» INSTRUCTIONS FOR THE TASK: Reproduce every record exactly as written.

[Source records]
--- START ---

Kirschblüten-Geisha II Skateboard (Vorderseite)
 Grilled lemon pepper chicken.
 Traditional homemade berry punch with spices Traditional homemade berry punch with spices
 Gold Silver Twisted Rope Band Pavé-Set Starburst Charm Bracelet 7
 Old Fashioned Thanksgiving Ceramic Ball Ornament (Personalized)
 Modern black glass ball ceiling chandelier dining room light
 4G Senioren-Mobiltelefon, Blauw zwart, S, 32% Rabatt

--- END ---

» YOUR SOLUTION:
Kirschblüten-Geisha II Skateboard (Vorderseite)
 Grilled lemon pepper chicken.
 Traditional homemade berry punch with spices Traditional homemade berry punch with spices
 Gold Silver Twisted Rope Band Pavé-Set Starburst Charm Bracelet 7
 Old Fashioned Thanksgiving Ceramic Ball Ornament (Personalized)
 Modern black glass ball ceiling chandelier dining room light
 4G Senioren-Mobiltelefon, Blauw zwart, S, 32% Rabatt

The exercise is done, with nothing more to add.